第35話 それを教えてもらいに来たんだ

「ふふ、一日に二度も来てくれるなんて、嬉しいです。思い切って秘密を明かしてみた甲斐がありました」


 部屋に通された俺は真殿と向かい合って椅子に座る。テーブルの上にはティーセット一式が並び、傍から見れば優雅な夕方のティータイムに見えるかもしれない。

 しかし俺からすれば、最強の魔王との直接対決だ。気分は幾多の困難を乗り越えて辿り着いたラスボス戦である。


「嫌われてしまうかもしれないと思っていました。ストーカーを好きになる男の人なんてほとんどいないと思いますから。けれど、よく言うじゃないですか。好きの反対は無関心だと。その理屈で言うと、嫌いの反対は関心なのでしょう。私は時谷君に関心を持って欲しかったんです」

「………………」

「ここに戻って来てくれたということは、私の狙いは達せられたみたいですね。あの部屋を見てしまったのですから、時谷君はきっと私のことを一生忘れられないでしょう。寝ても覚めても私のことが頭に浮かぶはずです。それはもう、心から愛しているのと同義だと思いませんか?」


 俺が黙っているのも気にせず、真殿は饒舌に語り続ける。俺がまたここに戻って来たことがよほど嬉しいらしい。
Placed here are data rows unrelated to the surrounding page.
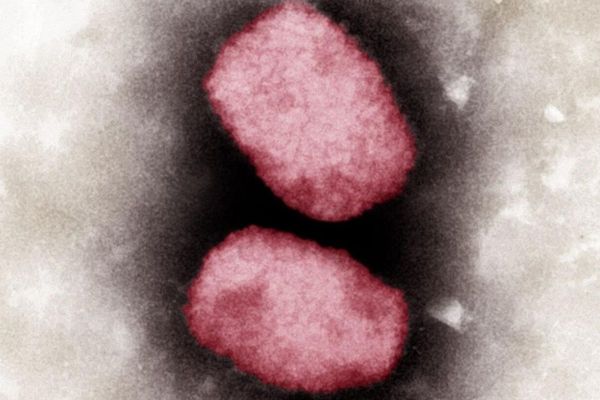 PCR tests for Monkeypox: How is the virus is detected?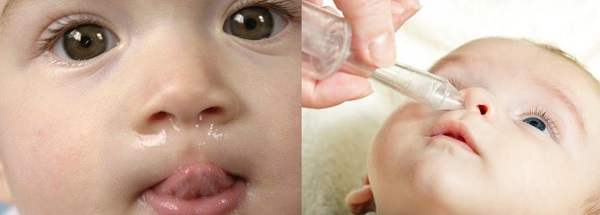 Tình trạng trẻ nhỏ chảy nước mũi phổ biến trong cộng đồng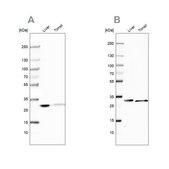 Anti-CA3 antibody produced in rabbit Prestige Antibodies® Powered by Atlas Antibodies, affinity isolated antibody, buffered aqueous glycerol solution, Ab1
「お前の価値観はおかしいよ。普通恋愛ってのは、相手に嫌われたくなくて、自分の弱みをなるべく見せないようにするものじゃないのか?」

「そうなのかもしれません。私は私が異常であることは理解しているつもりです。けれど、それが悪いことだとは思っていません。恋愛は人それぞれの形があっていいはずです」

「そんなの……俺はついていけない」

「ええ、そうでしょうね。だから時間をかけて、ゆっくり理解してくだされば結構です。私の秘密はまだあります。時谷君の関心が私から離れるようなことがあれば、一つずつ開示していこうと思っていますよ」


 真殿は紅茶を一口飲み、美味しそうに頬を緩ませる。


 紅茶なんて、ペットボトルのやつしか飲んだことない。それでも、これが上等な紅茶なんだろうなということは香りだけでも何となくわかる。
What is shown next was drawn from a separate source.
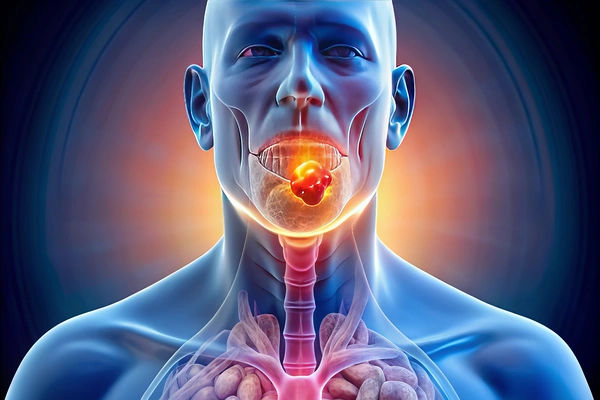 neck cancer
 ここを逃せば、一生飲む機会はないかもしれない。そう思っても、やはり飲む気にはなれない。


「安心してください。毒なんて入っていませんよ」


 怯える俺の心を見透かしたように、真殿は優しい声音で言う。


「……お前の言うことは信用できない」

「あら、心外です。私は時谷君に嘘を吐いたことなんてないのに」

「よくそんなセリフが────」


 嘘を吐いたことがないという言葉自体が嘘、というのがよくあるパターンだ。しかしよく考えてみれば、真殿は本当に嘘を吐いたことがないかもしれない。
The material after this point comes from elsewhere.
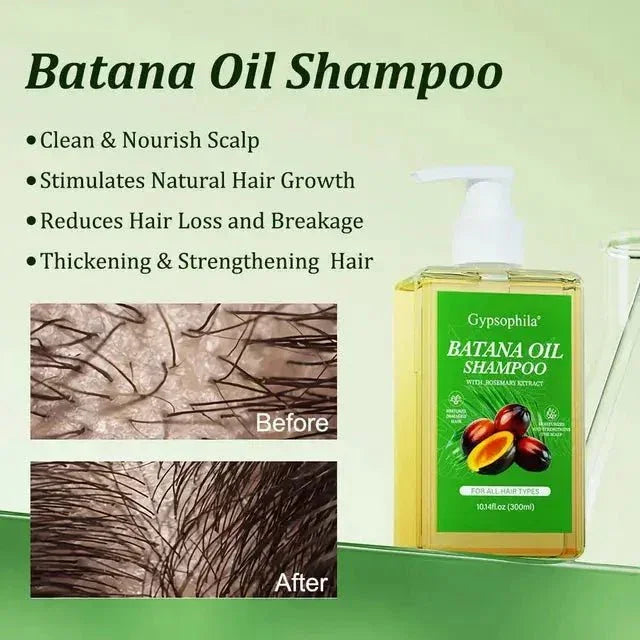 Batana Oil Shampoo for Hair Growth 300ml - Himalaya Life Care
 ストーカーのことにしたって、真殿は一度たりともストーキングなんてしていないと明言したわけではない。少なくとも嘘は吐いていないわけだ。

 けれど、とてつもない本性を隠していたのは、俺を騙していたのと変わらない。定義上嘘に当たるかどうかに関係なく、信用なんてできるはずがない。


「では、これなら信用してもらえますか?」


 真殿はテーブルの上に身を乗り出し、俺の前に置かれたティーカップを手に取って躊躇う素振りもなく口をつけた。


「……うん、美味しいです。さあ、時谷君もどうぞ」


 そして彼女はカップを元の位置に戻す。これでは間接キスに……なんて、うぶなことを言うつもりはない。


 彼女自身も飲んだのだから、怪しい物は何も入っていないと証明されている。飲んでも問題はなさそうだ。


「じゃあ……」


 俺はカップの中身を一気に飲み干した。美味いのか不味いのか、よくわからない味だ。緊張しすぎて味覚が鈍っているのかもしれない。


「さて、では用件を聞きましょう。もちろん、ただ遊びに来てくれただけだというのならそれでもいいのですが、何か用事があるのでしょう?」

「ああ、お前に聞きたいことがあってな」


 俺の呪いの発生条件になっている媒体が何か、それはまだわからない。呪いのことなど何も知らないはずの真殿に聞いても答えは得られないだろう。


 ただ、呪いの媒体であるからには、そこら辺に転がってるボールペンとか、今使ってるティーカップとか、そういう普通の物じゃないはずだ。

 見れば一発でわかるもの。呪いの媒体になってしまうほど強烈な感情がこめられた禍々しい一品。


 それには一つだけ、思い当たる節がある。


「お前にはまだ秘密があるって言ったよな? 壁一面に貼られた俺の写真よりもさらにヤバイ秘密をまだ隠してるんだろ?」

「ええ、ありますよ」

「それを教えてもらいに来たんだ」


 真殿が隠している何か。きっとそれが、リセット現象解決のカギになるはずだ。